GIVEN INFORMATION
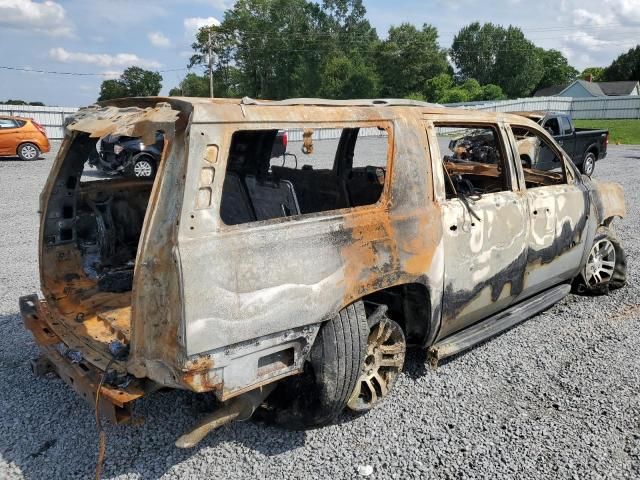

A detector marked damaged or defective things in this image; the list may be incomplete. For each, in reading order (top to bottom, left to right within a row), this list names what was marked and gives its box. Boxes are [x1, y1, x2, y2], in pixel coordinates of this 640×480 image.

burned suv [18, 96, 624, 446]
charred vehicle body [18, 97, 624, 446]
burned car door [430, 124, 528, 342]
burned car door [508, 124, 588, 296]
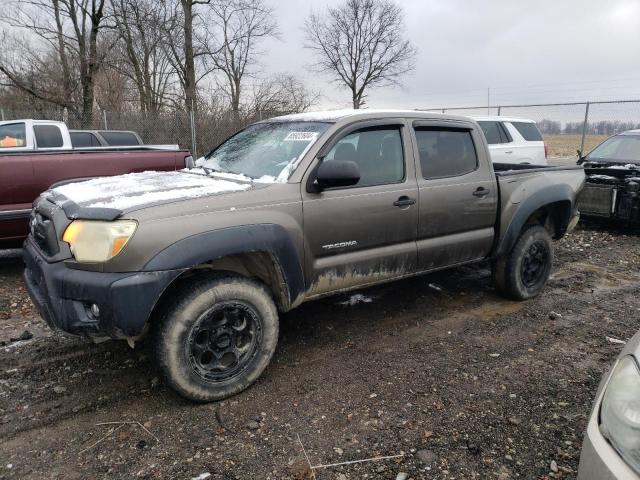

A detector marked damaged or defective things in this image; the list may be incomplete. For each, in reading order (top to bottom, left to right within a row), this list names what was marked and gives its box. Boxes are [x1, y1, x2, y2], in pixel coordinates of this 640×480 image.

wrecked vehicle [576, 129, 640, 223]
damaged bumper [23, 240, 180, 338]
wrecked vehicle [23, 109, 584, 402]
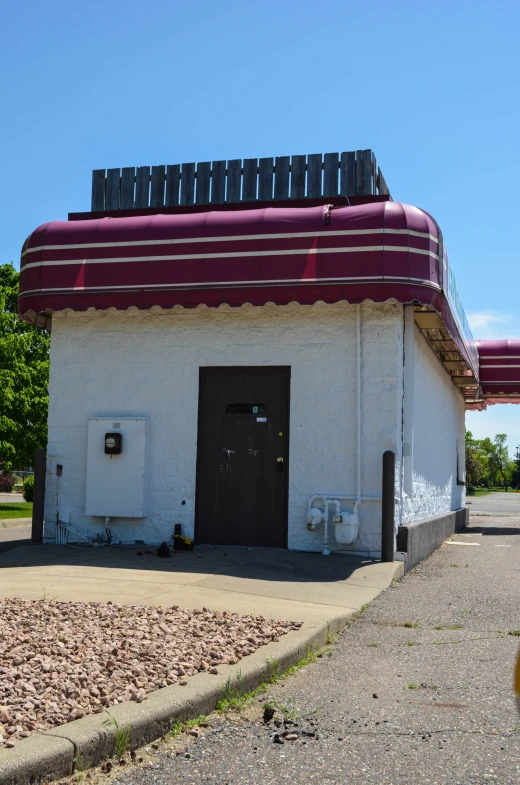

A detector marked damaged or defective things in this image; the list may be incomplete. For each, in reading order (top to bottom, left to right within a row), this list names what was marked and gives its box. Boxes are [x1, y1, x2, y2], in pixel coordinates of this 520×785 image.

cracked asphalt [81, 500, 520, 780]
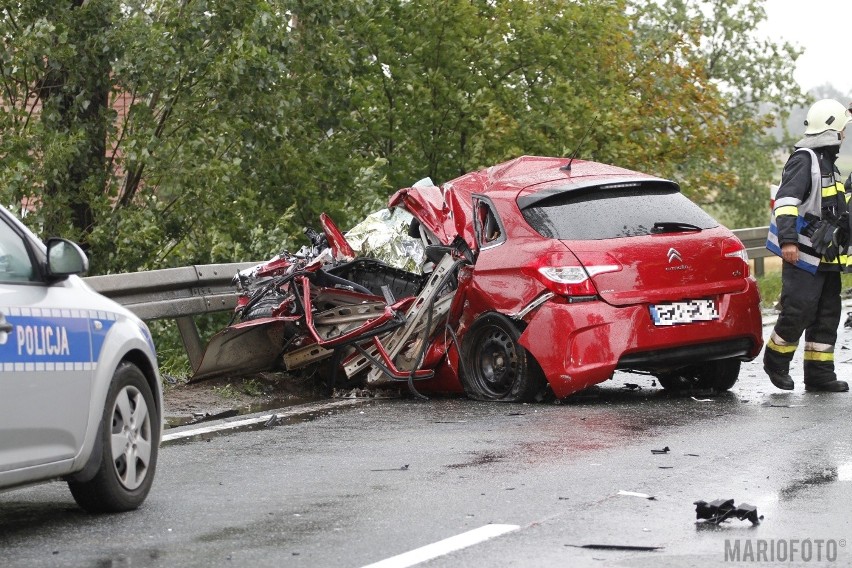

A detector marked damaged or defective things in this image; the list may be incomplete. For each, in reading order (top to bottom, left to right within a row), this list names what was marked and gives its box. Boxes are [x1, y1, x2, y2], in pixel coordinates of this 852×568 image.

severely damaged car [195, 155, 764, 402]
damaged wheel [460, 312, 544, 402]
damaged wheel [656, 358, 744, 392]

WHAT YOU HAVE TO DO
Transcribe the records above exactly, but only from the line that contains "this 852×568 image." through their final line, inclusive.

ANSWER SPACE
A detector marked damaged or defective things in this image; the list may be incomplete. For each, in reading order (top to bottom, left to right within a row), this list names what was marked and gives its box. Boxes are [x1, y1, x2, y2], in pixel coordinates of this 852×568 image.

severely damaged car [195, 155, 764, 402]
damaged wheel [460, 312, 544, 402]
damaged wheel [656, 358, 744, 392]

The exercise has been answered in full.